18 April 2024

MADE IN SUDAN: A healthcare system in shambles

(Image: © AP News)

If you were born in Sudan then you most probably have a scar on your left arm. It is the result of a vaccine against tuberculosis that you received as an infant. Initially, I didn’t know why a scar should be left after a vaccination; particularly such a conspicuous one. Naturally, I rushed to blame the incompetent doctors of Sudan and the country’s deteriorating healthcare system. However, I later on discovered that the scar is a perfectly normal reaction to this vaccine. This made me realize that my brain has an automated response when it comes to anything related to the healthcare industry in Sudan.

I came to learn at a very early age that in Sudan, medical errors are common and they can hinder the course of someone’s life to the extent of physical disability. As a kid, I was relentless to find out why my aunt walked with a limp. Of course now I realize how insensitive my childhood inquisitiveness was, but at the time I made it my mission to find out what the problem was. Deluded as I was, my juvenile naivety had me convinced that if I knew what was wrong I could subsequently fix it, somehow. When my snooping became too bothersome, my mom finally sat me down to explain my aunt’s condition. She told me that the limp was the consequence of a vaccine gone wrong, and that it cannot be repaired or reversed. She added that it will probably cost my aunt the normalcy of her life. I was baffled. Ultimately, I came to the realization that I can’t fix her. Ironically, here I am eighteen years later, still trying to fix the pieces of my broken country.

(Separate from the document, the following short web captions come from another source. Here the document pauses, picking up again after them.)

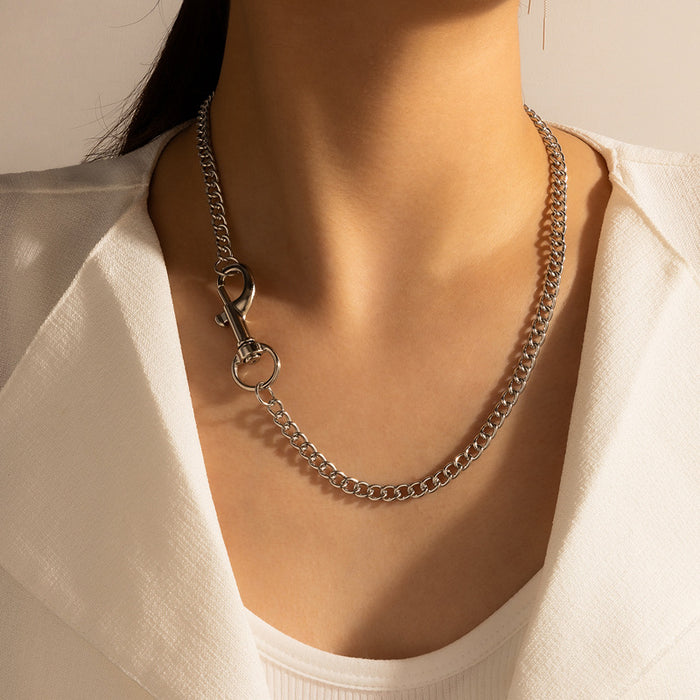 Chunky Silver Chain Necklace with Twisted Link Design - Hip-Hop Inspired Choker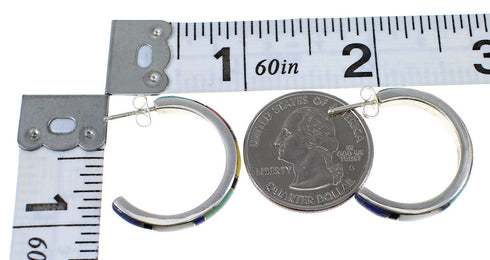 Southwestern Silver Multicolor Post Hoop Earrings QX72457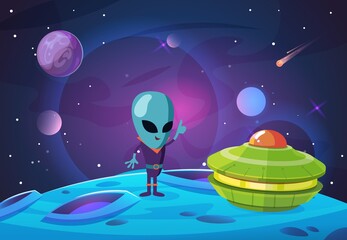 Space colonization background. Alien, ufo character on new planet in universe. Spaceship and galaxy, meteorites and cartoon cosmos vector illustration. Alien colonization ufo on planet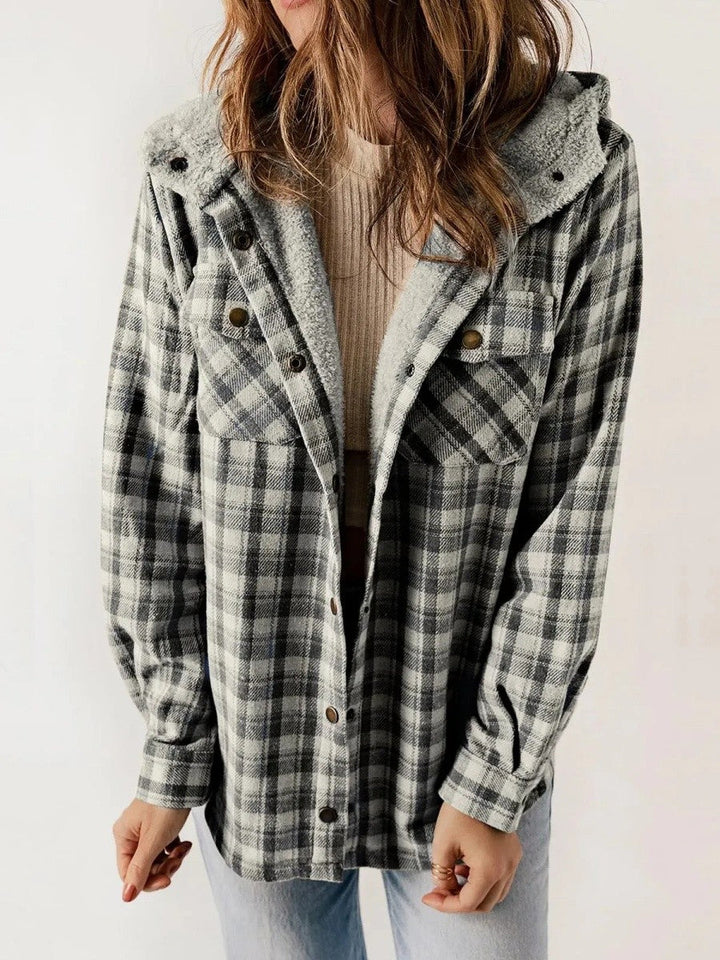 Marla | Veste à carreaux pour femme avec capuche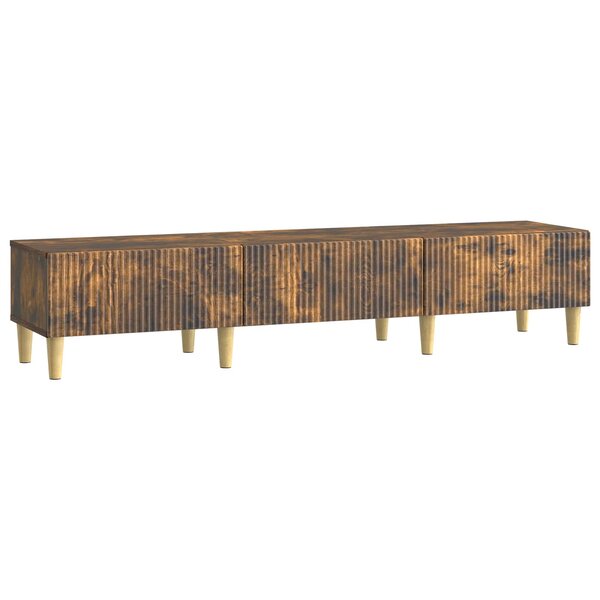vidaXL Meuble TV Chêne fumé 147 x 34 5 x 30 cm Bois d'ingénierie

When I came to Sudan to do my undergraduate studies, I was optimistic that things within the healthcare realm had changed. Unfortunately, reality struck even before my graduation. I would constantly hear of relatives dying because of overdoses in anaesthesia, the surgeon leaving behind a piece of gauze during the operation, or the nurse forgetting to administer a certain post-operation pill. After graduation, the grass was not at all greener. It was as though I had been seeing the world in blurry mode and I was suddenly handed a pair of sharp-vision glasses.

The healthcare system in Sudan is not only riddled with incompetence, but corruption as well. However, I wish these were its only two problems. Patients die every day because they can’t afford medication or treatment.

Today, health is a commodity that doctors, healthcare professionals, salesmen and businessmen use for trade. I call myself a biomedical engineer, but at the end of the day I am just one of them.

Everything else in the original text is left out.